The eventual insurrection left five dead, including a police officer.
Several nonprofit groups were involved with planning and organizing the rally, including Women for America First, a 501(c)(4) organization chaired by a leading tea party advocate. It had been previously funded by America First Policies, a 501(c)(4) organization chaired by former wrestling executive and onetime Trump Cabinet member Linda McMahon.
Such groups are known as dark money organizations because they do not publicly disclose their donors.
Sen. Ron Wyden, D-Ore., the ranking member and expected chairman of the committee, recently sent a letter to IRS Commissioner Charles Rettig asking him to investigate any group involved in planning the rally and to look into revoking their tax-exempt status.
“I urge the IRS, in coordination with other law enforcement agencies to investigate the extent to which tax exempt organizations were involved in any part of the Capitol insurrection or actions leading up to that event, and to the greatest extent of the law, revoke the exempt status of those organizations that played a role in inciting or committing violence and other illegal acts,” Wyden told Rettig in the letter.
With control of the White House, House and Senate, Democrats may have their best opportunity yet to tighten regulations on these groups and the agencies that are supposed to police them.
Sen. Sheldon Whitehouse, D-R.I., another member of the Senate Finance Committee, is going a step further, looking into how the IRS certifies these groups. Whitehouse for years has pushed legislation that would force dark money groups to reveal their donors.
Whitehouse, in an interview late Thursday with CNBC, said he is especially focused on the groups that organized the rally, at which Trump and several of his allies pushed inaccurate claims that the election was stolen in favor of now-President Joe Biden.
“The most immediate [objective] is to look into the dark money groups involved with the ransacking of the Capitol,” Whitehouse said.
Part of the focus, he said, will be on the IRS itself and how it handles these groups.
“The question there would be to look at whether or not the IRS, bludgeoned by the right wing forces, has construed the law and enforced the law and whether their enforcement is actually consistent with the law,” Whitehouse said.
The IRS has the power to remove these groups’ tax-exempt status if they overstep what the agency deems as promoting “social welfare.” Though a broad mandate, 501(c)(4)s are usually allowed to have limited political activity. They can focus on promoting certain policies that may align with candidates running for federal office.

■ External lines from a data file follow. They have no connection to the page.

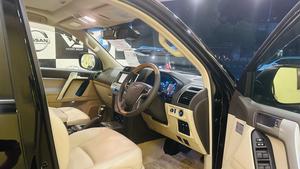 Toyota LandCruiser Prado TXL 2700cc eco/pro.
Model 2020 import April 2025
Brand New vehicle ( spotless condition )
Mileage 49000 km
Auction grade 4.5 A 
Silky black with ash white interior 
Top of the line specs,
All 7seats nappa leather 
Heated & ventilated ( air conditioning) seat 
Glass electric sunroof 
All zone climate control air conditioning 
Adapted Radar 
Active line accessed & blind spot monitor.
Adaptive cruise control 
Premium sound system with 16 speakers 
Cool box 
Full trd original body kit 
19” alloy wheels 
Crome package 
Further information please call & visit at Victory Cars jail road Lahore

Democrats say these groups should lose the right to remain a 501(c)(4) if they incited the riot.
Whitehouse told Treasury Secretary-designate Janet Yellen during her Senate confirmation hearing that he plans to ask her to “direct a review of the IRS 501(c) policies” once she is confirmed. “It’s my belief that for a long time the policies of the IRS have been very misaligned with the statutory direction that Congress gave the IRS over these agencies,” he added.

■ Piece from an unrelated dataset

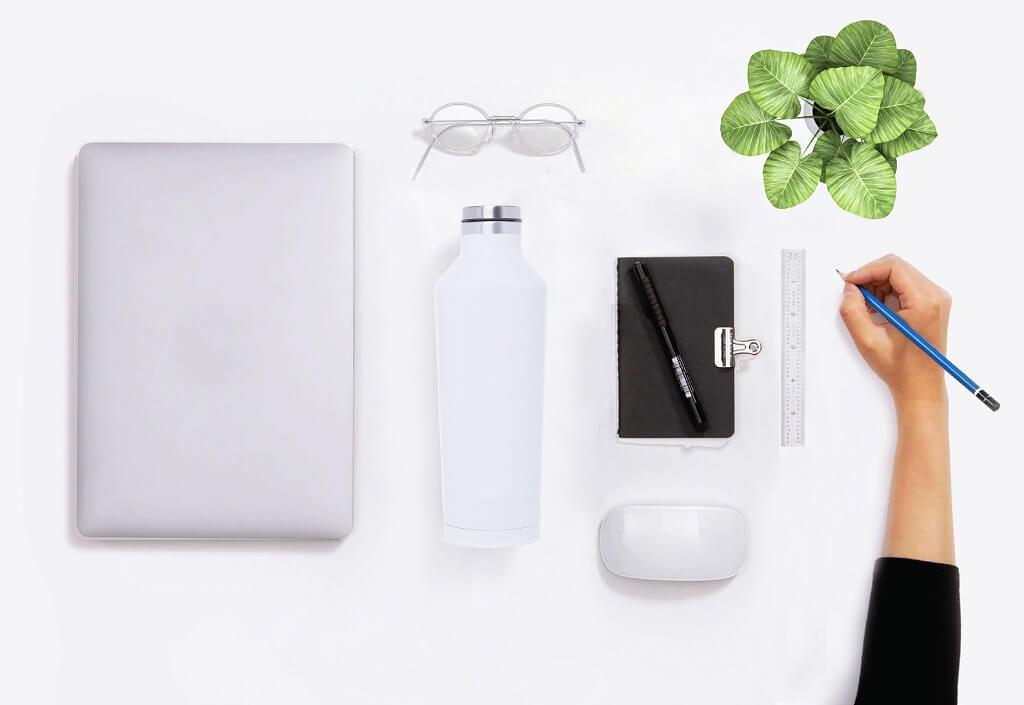 White stainless steel bottle combined with other office accessories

Yellen said that she would initiate a review.
Beyond Whitehouse and Wyden, Democrats in general are making a legislative push against dark money organizations.
Within the summary of the Senate Democrats‘ first orders of business is the DISCLOSE Act, which Whitehouse introduced in 2019.

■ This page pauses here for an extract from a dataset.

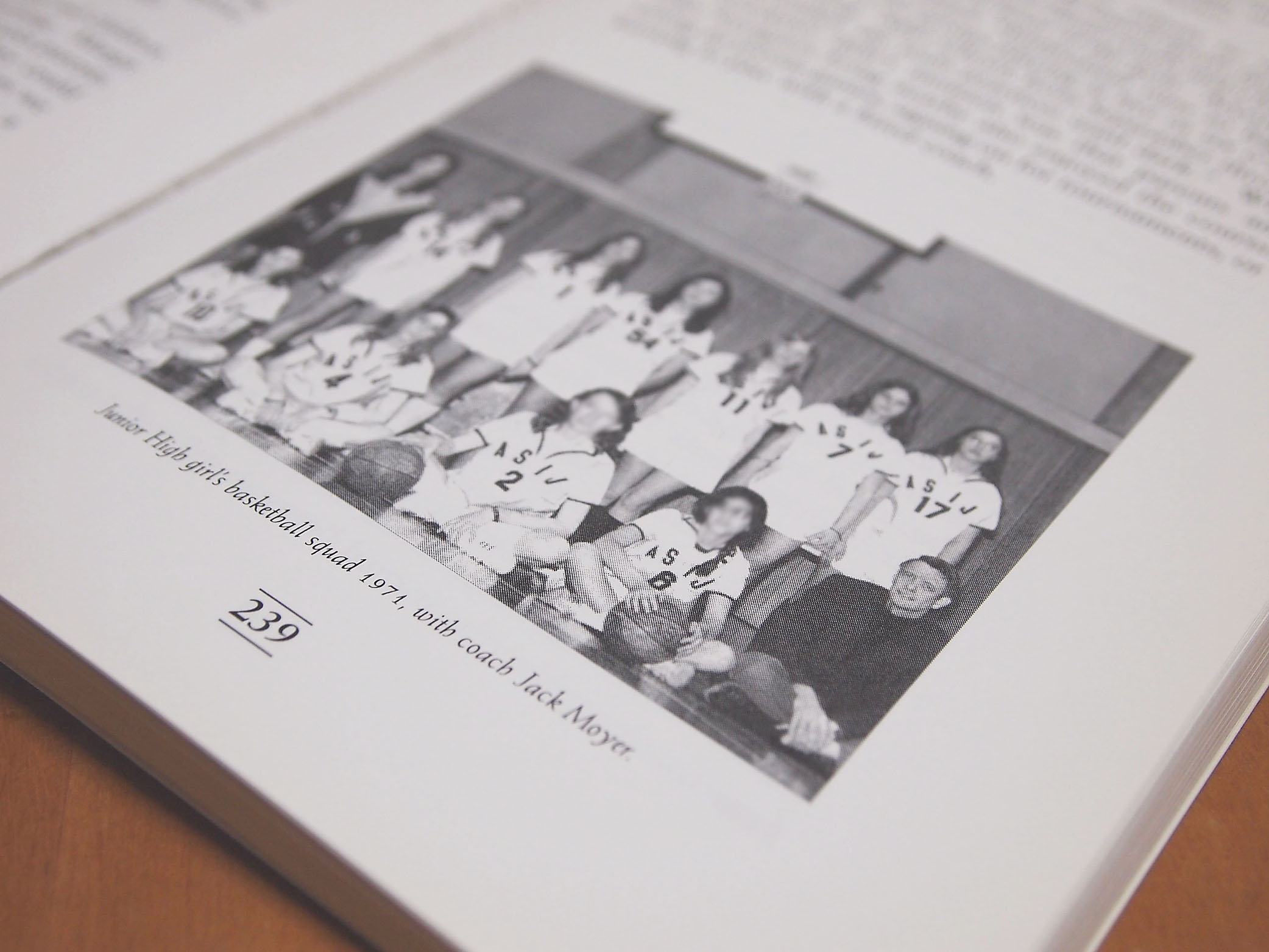 Dark history: One of the remaining copies of “The American School in Japan: A History of Our First Century” shows teacher Jack Moyer with the girls’ basketball team he coached in 1971. Copies of the book were destroyed after Janet Simmons, a former ASIJ student who was abused by Moyer in the early 1970s, confronted staff about the book, which praises Moyer. | JON MITCHELL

The bill would require “super PACs, 501(c)4 groups and other organizations spending money in elections and on judicial nominations to disclose donors who contribute more than $10,000,” according to the Senate Democrats’ summary of the legislation.
The Senate Democrats’ priorities also include a focus on the IRS.
The separate bill would repeal an “existing prohibition on the IRS from promulgating rules to bring clarity to rules governing 501(c) political activity,” the summary says.